With the state acquiring a large number of testing resources and increasing lab capacity as part of Gov. Larry Hogan’s “Roadmap to Recovery,” the criteria for getting tested for COVID-19 has become broader, Dr. Meena Brewster, St. Mary’s health officer, said in an email Tuesday.
“As more testing resources and lab capacity have become available, we have been encouraging our residents to get tested for COVID-19 if they are ill with an expanded range of symptoms or if they are close contacts of someone who has tested positive,” she wrote. “This has led to more community members being tested.”
She also said as more people become infected, the health department “naturally expects” an acceleration of positive cases. Increased community mobility due to relaxed restrictions may also be a part of the spread, she said.
Most of the cases are concentrated in the Charlotte Hall and Lexington Park areas, with Charlotte Hall, where the county’s largest long-term care facility, the Charlotte Hall Veterans Home, is located, reporting 202 cases, according to state health department data, and Lexington Park showing 108 cases on Tuesday. Twenty-four people within the county have died of the virus, according to Tuesday’s data. Brewster noted the health department is seeing a growth in new cases “impacting different age groups, especially those over 60” and a recent slant toward males (about three out of five cases), and is continuing to see a higher than expected number of cases affecting those who identify as African American or black.
African Americans make up 14.7% of the county’s population, according to a U.S. Census Bureau estimate, but represent 41.1% of positive COVID-19 cases with an identified race. Those who identify as Hispanic or Latino make up 10.2% of those cases, while estimated at 5.3% of the population. Whites, while representing 78.3% of the population, make up only 48.6% of the cases.
As of Tuesday, 88 positive cases in the county do not identify a race or ethnicity.
State- and county-level positivity rate data has also been made public since last week, a percentage which shows the ratio of those who tested positive out of all who received tests, an average calculated out of the positivity for the most recent day and for the six days prior to that.
Currently, St. Mary’s positivity rate sits at 10.9% as of Tuesday, higher than the state average of 10.5% and both Calvert (9.1%) and Charles (9.8%).
In the early days of the virus where testing was limited to those showing strong symptoms, “You would expect a higher positivity rate … assuming presence of disease in your community,” Brewster said. As localities expand testing to many more people, including asymptomatic individuals, positivity levels should lower.

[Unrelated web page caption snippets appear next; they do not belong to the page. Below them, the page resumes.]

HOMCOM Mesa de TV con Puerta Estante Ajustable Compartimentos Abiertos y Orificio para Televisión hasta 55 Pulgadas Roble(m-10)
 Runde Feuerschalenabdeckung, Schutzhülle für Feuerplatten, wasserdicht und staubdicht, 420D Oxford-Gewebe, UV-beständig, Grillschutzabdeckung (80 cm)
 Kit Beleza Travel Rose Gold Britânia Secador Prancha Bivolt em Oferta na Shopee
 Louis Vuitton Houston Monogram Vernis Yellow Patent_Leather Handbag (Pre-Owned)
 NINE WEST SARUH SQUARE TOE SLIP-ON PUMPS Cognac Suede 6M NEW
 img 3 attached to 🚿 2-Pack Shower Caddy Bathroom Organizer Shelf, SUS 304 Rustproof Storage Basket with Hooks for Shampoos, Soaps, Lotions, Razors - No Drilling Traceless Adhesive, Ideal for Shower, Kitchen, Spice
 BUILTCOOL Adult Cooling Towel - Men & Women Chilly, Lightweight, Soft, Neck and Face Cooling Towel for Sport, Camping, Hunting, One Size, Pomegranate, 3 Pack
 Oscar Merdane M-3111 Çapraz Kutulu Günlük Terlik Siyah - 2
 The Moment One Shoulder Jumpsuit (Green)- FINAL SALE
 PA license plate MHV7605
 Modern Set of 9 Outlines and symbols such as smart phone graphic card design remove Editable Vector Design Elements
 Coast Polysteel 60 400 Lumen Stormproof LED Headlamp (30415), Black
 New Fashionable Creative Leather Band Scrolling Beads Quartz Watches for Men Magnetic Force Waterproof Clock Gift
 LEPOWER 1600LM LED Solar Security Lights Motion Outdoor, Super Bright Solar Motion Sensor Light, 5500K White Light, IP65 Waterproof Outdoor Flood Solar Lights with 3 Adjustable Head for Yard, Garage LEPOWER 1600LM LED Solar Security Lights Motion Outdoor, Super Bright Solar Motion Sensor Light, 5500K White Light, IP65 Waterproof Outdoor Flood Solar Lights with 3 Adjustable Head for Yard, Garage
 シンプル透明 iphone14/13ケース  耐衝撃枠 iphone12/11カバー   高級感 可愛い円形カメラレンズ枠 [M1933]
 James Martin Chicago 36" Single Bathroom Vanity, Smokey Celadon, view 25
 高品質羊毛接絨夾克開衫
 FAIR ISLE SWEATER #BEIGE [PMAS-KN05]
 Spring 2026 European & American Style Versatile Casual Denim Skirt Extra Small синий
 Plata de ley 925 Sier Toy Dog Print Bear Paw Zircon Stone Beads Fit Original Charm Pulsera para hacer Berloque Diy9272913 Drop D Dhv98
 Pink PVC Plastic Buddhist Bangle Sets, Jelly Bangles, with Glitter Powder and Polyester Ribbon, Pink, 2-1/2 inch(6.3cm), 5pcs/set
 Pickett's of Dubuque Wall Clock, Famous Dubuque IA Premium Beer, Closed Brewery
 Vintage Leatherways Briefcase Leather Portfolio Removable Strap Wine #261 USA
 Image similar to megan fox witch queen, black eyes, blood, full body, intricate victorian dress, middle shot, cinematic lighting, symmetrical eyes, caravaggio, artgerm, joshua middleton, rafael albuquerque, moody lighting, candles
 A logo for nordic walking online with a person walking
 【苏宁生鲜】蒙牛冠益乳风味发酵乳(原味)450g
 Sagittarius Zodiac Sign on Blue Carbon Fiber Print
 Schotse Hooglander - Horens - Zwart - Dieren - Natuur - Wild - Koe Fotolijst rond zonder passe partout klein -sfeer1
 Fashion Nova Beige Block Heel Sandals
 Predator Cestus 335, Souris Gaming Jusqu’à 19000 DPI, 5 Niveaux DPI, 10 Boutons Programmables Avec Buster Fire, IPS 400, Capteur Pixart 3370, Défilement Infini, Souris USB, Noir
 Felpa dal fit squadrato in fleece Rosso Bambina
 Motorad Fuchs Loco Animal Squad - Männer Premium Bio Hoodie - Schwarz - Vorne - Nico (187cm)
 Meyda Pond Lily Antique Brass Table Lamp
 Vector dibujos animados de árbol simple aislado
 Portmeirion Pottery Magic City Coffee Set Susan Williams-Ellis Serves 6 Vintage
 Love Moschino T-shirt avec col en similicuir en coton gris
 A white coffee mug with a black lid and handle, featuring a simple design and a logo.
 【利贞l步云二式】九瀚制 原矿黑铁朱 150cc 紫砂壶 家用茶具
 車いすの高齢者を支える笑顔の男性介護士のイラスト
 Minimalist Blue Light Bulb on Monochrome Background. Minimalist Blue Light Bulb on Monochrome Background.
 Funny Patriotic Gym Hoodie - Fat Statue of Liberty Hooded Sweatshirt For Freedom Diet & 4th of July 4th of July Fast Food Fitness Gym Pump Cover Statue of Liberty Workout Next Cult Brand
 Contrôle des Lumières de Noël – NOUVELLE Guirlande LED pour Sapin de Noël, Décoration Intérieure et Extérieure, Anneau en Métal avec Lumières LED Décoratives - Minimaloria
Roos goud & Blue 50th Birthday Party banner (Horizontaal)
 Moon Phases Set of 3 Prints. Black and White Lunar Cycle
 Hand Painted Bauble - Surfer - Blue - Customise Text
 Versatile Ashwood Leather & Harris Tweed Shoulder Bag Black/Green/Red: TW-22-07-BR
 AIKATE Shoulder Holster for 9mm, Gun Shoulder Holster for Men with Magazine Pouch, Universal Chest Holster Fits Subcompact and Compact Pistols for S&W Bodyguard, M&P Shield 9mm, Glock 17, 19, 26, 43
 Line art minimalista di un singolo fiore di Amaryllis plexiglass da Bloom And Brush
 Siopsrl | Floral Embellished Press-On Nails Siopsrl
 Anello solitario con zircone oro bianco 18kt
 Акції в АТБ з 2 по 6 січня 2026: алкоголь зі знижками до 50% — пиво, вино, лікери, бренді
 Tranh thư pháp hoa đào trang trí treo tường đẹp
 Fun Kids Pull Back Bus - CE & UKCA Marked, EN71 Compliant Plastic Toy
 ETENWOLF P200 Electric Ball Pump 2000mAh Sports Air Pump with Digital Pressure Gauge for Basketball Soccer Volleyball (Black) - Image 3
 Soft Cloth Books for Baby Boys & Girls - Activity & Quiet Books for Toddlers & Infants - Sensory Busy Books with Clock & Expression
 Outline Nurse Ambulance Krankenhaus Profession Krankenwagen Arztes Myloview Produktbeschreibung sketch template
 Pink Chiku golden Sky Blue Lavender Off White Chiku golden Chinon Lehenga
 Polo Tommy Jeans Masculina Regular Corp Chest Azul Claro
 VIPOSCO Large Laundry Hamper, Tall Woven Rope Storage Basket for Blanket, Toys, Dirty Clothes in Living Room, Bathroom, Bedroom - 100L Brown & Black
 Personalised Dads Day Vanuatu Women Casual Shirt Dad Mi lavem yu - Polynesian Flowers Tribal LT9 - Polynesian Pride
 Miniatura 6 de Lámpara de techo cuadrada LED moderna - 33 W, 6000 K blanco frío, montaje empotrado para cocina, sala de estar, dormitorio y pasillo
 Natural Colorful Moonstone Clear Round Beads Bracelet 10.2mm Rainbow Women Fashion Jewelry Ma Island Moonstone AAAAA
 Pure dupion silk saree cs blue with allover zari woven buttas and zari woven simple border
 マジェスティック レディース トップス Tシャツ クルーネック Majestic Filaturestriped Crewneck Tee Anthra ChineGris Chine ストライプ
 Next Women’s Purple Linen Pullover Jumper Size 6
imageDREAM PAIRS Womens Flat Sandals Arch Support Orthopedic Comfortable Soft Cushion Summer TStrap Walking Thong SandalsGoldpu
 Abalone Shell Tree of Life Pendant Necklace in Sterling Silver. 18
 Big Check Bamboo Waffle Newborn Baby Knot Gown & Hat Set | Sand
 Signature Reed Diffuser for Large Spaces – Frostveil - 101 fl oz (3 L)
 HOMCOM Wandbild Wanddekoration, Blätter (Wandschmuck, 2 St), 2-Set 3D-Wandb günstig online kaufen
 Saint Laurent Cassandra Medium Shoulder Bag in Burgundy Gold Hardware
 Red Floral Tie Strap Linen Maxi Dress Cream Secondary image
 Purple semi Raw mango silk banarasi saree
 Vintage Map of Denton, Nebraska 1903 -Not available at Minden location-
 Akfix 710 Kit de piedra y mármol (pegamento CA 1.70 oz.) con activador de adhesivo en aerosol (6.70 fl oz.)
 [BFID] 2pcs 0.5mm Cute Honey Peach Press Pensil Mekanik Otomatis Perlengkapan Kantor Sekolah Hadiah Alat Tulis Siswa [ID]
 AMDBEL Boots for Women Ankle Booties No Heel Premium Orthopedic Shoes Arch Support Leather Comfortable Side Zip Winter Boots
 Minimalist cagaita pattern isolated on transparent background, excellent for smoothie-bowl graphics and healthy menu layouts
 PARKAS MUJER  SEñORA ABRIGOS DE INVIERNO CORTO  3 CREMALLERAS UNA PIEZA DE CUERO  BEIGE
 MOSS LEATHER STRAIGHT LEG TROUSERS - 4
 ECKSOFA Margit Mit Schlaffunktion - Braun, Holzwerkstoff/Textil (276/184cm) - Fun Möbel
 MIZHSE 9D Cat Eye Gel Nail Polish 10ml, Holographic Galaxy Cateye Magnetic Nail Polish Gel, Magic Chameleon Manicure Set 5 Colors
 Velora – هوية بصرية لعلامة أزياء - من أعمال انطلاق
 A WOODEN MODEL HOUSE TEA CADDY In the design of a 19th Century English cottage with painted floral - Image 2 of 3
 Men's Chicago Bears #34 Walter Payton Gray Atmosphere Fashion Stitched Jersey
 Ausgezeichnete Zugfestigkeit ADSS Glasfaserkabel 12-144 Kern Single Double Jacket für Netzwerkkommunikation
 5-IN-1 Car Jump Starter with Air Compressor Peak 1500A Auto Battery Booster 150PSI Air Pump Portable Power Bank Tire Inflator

“However, this is likely countered somewhat by the ongoing spread of disease and the greater recognition that even asymptomatic people may be infected,” she said.
The positivity rate data “may be a useful metric for public health decision making” in the future, but right now is “too influenced” by the recent significant increase in testing capacity in the state, Brewster said.
Last month, Hogan (R) announced that he had directed the state health department to make appointment-free testing available at community-based testing sites, with no doctor’s note required, opening four such testing sites in Anne Arundel, Prince George’s and Baltimore counties.
While appointment-free testing at MedStar St. Mary’s Hospital still requires an order for testing from a physician, preregistered individuals are being tested at a pop-up testing event at the Mechanicsville Volunteer Fire Department on June 3, and no order is required for those tests.
The health department said in a news release for the event that they are beginning to operate such drive-thru sites at various locations throughout the county, and additional sites will be released later.